Typically, substrates to be coated with multilevel metallization have uneven topography, e.g device structures or epitaxial silicon islands on their surfaces. It is therefore generally preferred to deposit a planarizing layer prior to deposition of the first metal layer, so that the layer of resist material which is used to define the metal layer may itself be patterned with utmost accuracy. This becomes more important as line widths drop to one micrometer or less. It is therefore advantageous that the dielectric materials have good planarizing properties.
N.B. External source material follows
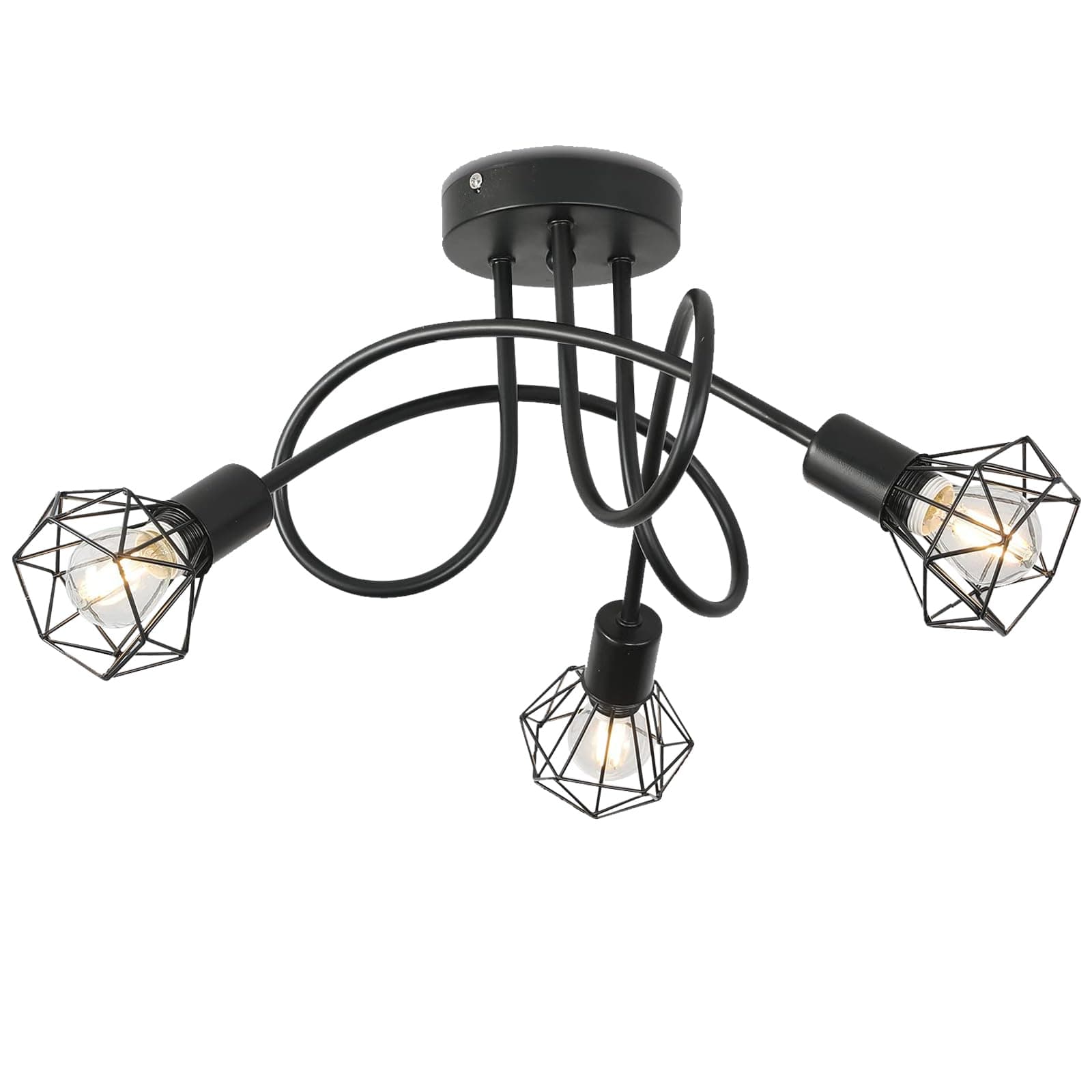 Industrial 3 Way Ceiling Light Chandelier Semi-Flush Mount E14 Base Black Metal Caged 3 Lights Ceiling Light Fixture for Bedroom Living Dining Room Hallway(Bulbs not Include)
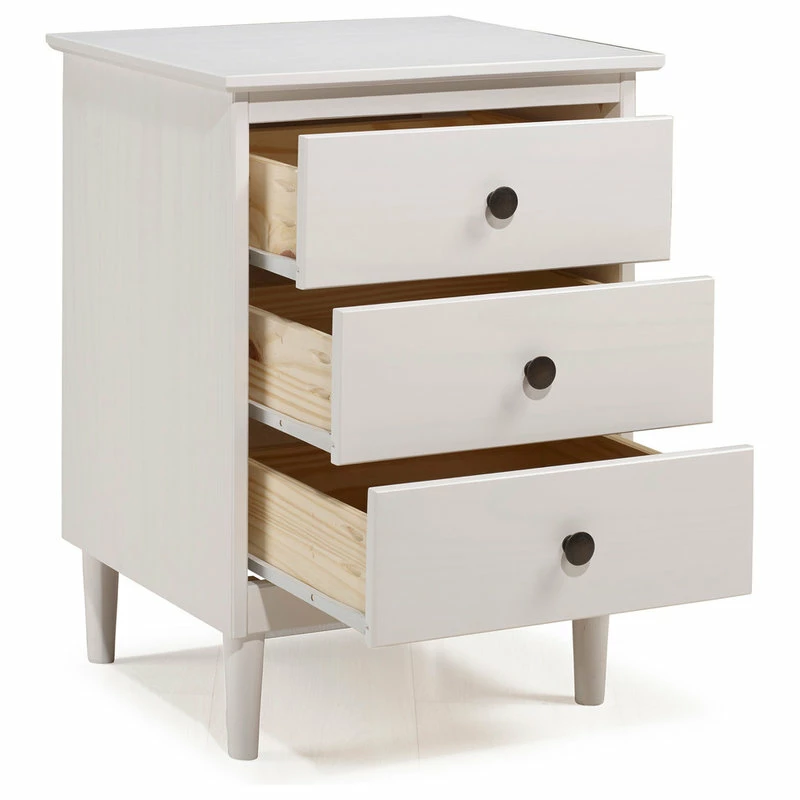 Walker Edison Classic Midcentury Modern 3-Drawer Solid Wood Nightstand, White 4 Walker Edison Classic Midcentury Modern 3-Drawer Solid Wood Nightstand, White - Image 4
Certain glasses, i.e., silicon dioxide and phosphosilicate glass (PSG) are conventional in the electronics industry for dielectric insulation between patterned layers of refractory metallization, i.e. refractory conductors. Borophosphosilicate glass (BPSG) is an unexpectedly superior dielectric material in such systems as disclosed in copending application Ser. No. 526,623, filed Aug. 26, 1983, the disclosure of which is incorporated herein by reference. In addition to other desireable properties, phosphosilicate glass and borophosphosilicate glass can be heated to flow or reflow them in order to obtain a smooth surface topography. It is necessary, however, when a structure contains a plurality of such dielectric materials that flowing a given layer does not cause remelting of previously deposited layers. A system of dielectric glass compositions which meets this criteria and which, unexpectedly, remains stable against mutual flow and dissolution is provided herein.